Species of single-celled organism

Peronospora farinosa is a species name that has been widely applied to downy mildew on leaves of wild and cultivated Amaranthaceae: Amaranthus, Atriplex, Bassia, Beta, Chenopodium, Halimione, Salsola, Spinacia, etc. However, the species name has been taxonomically rejected (see report 20 from the Nomenclature Committee for fungi) as the original description contained reference to multiple species and could not unequivocally be attributed to a species of Peronospora. In the past, some of the species on important crop plants have been given names as formae speciales, notably f.sp. betae on sugar beet (= P. schachtii) and f.sp. spinaciae on spinach (= P. effusa). However, phylogentic reconstructions have revealed that these "forms" of Peronospora on different genera and their subdivisions, are distinct species, most of which already have previously published scientific names (see Index Fungorum). Such host specialization possibly also exists with respect to the various wild amaranthaceous species given as hosts of P. farinosa.

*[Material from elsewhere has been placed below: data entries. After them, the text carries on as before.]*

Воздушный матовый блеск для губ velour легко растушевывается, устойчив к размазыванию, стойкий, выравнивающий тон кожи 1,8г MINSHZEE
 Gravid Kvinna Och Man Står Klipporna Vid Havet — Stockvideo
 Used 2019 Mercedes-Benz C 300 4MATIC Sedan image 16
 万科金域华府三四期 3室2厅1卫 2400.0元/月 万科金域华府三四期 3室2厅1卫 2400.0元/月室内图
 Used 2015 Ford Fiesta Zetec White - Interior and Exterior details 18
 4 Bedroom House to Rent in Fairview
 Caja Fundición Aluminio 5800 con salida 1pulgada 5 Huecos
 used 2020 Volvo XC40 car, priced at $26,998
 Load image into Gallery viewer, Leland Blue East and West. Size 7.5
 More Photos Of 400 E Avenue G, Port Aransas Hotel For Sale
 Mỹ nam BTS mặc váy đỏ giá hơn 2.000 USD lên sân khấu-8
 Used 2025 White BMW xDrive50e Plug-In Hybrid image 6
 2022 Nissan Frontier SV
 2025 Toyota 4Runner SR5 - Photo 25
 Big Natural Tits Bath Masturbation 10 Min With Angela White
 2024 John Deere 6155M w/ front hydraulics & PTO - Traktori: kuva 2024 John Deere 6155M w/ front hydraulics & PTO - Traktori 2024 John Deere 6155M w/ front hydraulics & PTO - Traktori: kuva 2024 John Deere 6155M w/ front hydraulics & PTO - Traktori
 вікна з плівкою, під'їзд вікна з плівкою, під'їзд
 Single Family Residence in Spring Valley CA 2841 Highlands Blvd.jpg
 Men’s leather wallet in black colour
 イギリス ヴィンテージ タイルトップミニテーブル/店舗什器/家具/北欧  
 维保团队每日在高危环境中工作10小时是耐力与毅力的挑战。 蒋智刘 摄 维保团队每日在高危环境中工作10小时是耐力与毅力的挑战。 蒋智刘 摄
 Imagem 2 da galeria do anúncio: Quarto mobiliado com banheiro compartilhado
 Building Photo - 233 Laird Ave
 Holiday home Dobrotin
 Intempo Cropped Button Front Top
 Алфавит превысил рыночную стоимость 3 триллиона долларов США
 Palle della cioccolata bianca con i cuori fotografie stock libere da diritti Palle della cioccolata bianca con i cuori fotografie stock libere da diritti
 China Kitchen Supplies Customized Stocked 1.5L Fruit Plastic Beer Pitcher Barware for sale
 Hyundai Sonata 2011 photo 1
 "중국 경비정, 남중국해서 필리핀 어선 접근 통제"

Downy mildew is a moderately important disease of sugar beet (Beta vulgaris). The pathogen persists as oospores in the soil, or on beet seed crops, or on overwintered volunteer beet plants. Attacks are most important at the seedling stage. The cotyledons are systemically infected, becoming discoloured and distorted. Loss of seedlings causes uneven crop development. Beet leaves are less affected, so a crop can to a substantial effect recover from an attack on seedlings. Control relies on adequate crop rotation and avoidance of sources of infection (e.g. adequate control of the disease on beet seed crops), as oospores survive only 2–3 years in the soil. Individual infected plants may also be removed. It is not generally necessary to apply fungicides.

Downy mildew has more direct importance on spinach (Spinacia oleracea), since it affects the harvested part (leaves). Yellow lesions appear on the older leaves. If rotating crops and removing individual infected plants fails, fungicide treatments are effective, and resistant cultivars are available.